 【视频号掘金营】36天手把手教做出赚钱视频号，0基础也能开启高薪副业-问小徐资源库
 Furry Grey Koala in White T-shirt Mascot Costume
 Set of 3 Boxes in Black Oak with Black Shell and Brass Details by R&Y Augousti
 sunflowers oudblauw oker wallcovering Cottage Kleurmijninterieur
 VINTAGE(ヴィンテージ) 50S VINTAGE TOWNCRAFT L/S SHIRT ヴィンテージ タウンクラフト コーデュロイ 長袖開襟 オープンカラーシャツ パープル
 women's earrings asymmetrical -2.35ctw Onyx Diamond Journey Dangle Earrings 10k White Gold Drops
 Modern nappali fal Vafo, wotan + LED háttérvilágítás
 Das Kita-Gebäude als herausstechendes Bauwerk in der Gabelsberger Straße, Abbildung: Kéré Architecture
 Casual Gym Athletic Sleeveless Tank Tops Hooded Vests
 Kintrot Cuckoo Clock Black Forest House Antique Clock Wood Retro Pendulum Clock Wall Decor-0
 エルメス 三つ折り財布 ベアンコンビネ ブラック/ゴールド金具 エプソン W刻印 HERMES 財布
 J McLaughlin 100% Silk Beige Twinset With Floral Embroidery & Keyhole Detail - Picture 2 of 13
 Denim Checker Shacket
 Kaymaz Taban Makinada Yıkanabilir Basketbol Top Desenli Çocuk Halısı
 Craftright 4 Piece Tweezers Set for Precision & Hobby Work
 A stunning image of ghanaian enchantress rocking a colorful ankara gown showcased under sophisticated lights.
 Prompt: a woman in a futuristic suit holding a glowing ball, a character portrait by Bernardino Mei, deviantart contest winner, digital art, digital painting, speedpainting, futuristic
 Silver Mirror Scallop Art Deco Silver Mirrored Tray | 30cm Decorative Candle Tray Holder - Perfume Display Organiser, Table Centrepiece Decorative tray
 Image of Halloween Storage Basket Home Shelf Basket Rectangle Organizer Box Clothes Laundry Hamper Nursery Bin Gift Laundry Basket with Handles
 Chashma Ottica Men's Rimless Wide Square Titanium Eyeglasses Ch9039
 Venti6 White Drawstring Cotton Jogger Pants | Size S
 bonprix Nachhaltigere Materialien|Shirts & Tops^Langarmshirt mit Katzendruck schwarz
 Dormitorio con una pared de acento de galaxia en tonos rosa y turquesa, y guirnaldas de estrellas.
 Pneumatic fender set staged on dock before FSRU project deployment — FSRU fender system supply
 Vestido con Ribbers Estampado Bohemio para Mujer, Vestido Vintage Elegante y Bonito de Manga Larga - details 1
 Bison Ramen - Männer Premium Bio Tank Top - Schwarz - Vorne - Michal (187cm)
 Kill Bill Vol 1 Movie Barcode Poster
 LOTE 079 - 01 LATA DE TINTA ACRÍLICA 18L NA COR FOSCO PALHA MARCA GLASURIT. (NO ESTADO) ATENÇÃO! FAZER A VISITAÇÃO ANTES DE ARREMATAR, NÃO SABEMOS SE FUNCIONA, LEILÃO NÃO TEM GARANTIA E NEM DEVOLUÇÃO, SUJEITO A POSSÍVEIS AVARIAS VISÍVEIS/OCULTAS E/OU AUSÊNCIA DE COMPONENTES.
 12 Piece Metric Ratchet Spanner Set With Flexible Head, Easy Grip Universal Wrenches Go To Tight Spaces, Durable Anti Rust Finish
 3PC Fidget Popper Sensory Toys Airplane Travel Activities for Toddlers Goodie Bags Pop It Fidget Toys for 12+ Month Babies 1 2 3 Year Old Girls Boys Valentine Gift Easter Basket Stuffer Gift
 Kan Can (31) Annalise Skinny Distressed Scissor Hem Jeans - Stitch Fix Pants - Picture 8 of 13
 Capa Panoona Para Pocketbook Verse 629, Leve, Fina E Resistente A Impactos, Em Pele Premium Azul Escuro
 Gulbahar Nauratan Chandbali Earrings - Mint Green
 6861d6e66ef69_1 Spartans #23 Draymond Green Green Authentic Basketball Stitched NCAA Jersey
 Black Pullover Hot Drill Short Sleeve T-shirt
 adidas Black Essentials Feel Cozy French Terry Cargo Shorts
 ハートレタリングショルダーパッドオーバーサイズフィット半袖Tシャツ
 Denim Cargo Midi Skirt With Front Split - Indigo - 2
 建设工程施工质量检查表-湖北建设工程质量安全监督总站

• **Exercise requirements**
Whenever the word "Cargo" occurs in a line above, copy that line.

• **Task output**
 adidas Black Essentials Feel Cozy French Terry Cargo Shorts
 Denim Cargo Midi Skirt With Front Split - Indigo - 2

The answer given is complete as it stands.